Meanwhile, way in the back of the “two-story brick,” Cris Conner was busy running the annual WNAP Raft Race which was rivaling the Indy 500 for attendance figures. (see event above) Unfortunately, after nine years it had to be abandoned because too many folks who had no chance of getting to the finish line, had brought the traffic in Indianapolis to a standstill.
When we ran the “Big Sugar Daddy” contest at WIBC, it blew out most of the phones in Indy which put us on TV news again like it did when we caused a massive traffic jam when we put up a billboard on the busiest street corner in town featuring pretty girls in Bikinis swinging on a swing high above the morning traffic. (see the swing above) When we did it in Dallas, they got a court order forcing us to bring the girls down ’cause they were so hot, they froze the freeway.

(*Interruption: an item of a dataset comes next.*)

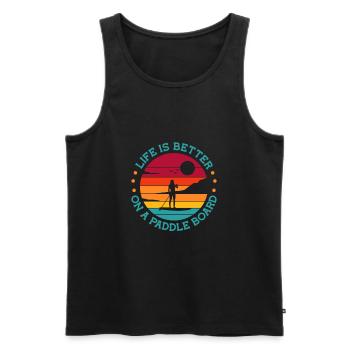 SUP - Men's Premium Organic Tank Top - black - Front - AI Model Male 178 light (178cm)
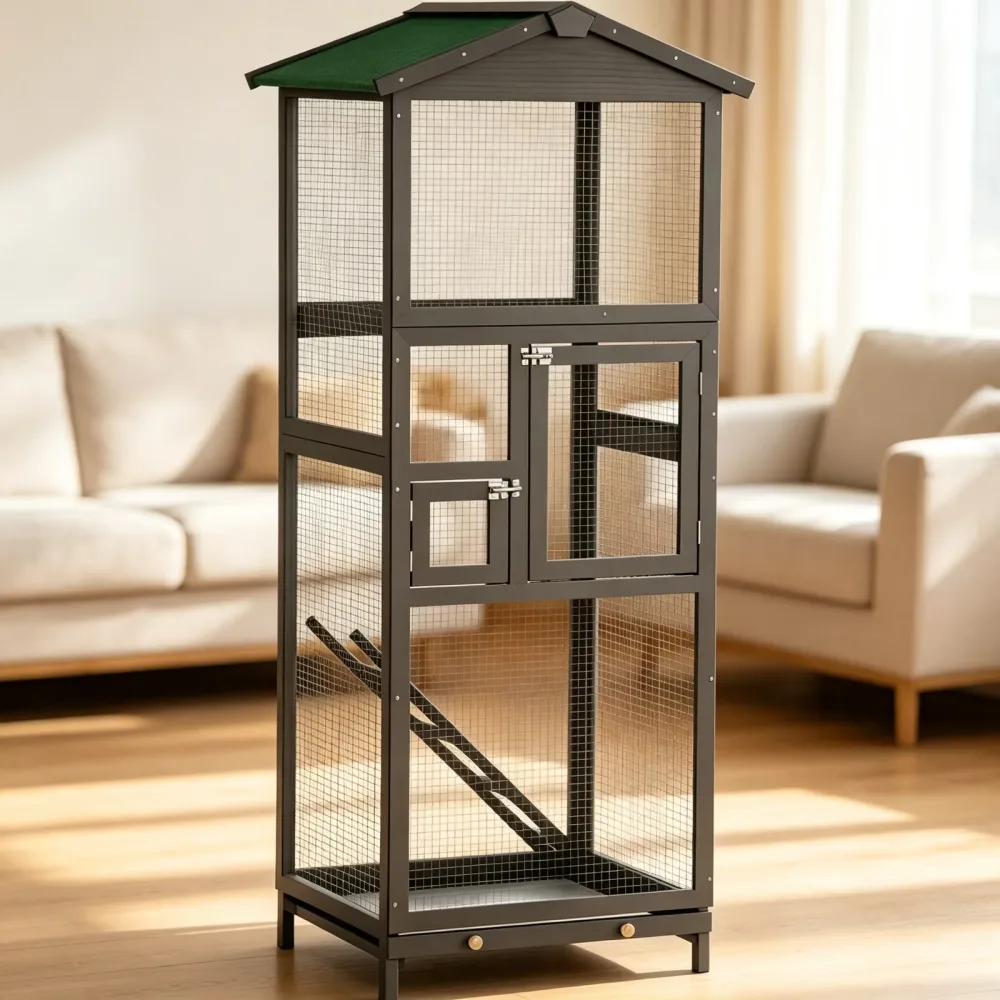 Wooden Bird grey green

Back home again in Indy, WNAP ran a make-believe concert on the air called Fantasy Park. Buster Bodine, (see Buster above) along with the rest of the Buzzard boys did it so convincingly that people were driving around aimlessly looking for the concert. Before long the TV reports claimed that the police were trying to put a stop to the make-believe concert but they couldn’t find it.(Buater and I later did it again at KPRI in San Diego)
When we did the 50% Off Free Fair in Dallas on KVIL and in Indianapolis on WNAP, it shut down every road and highway that led to the fairgrounds. By then though, the TV stations all had their own Helicopters, so now they showed it live. (darn)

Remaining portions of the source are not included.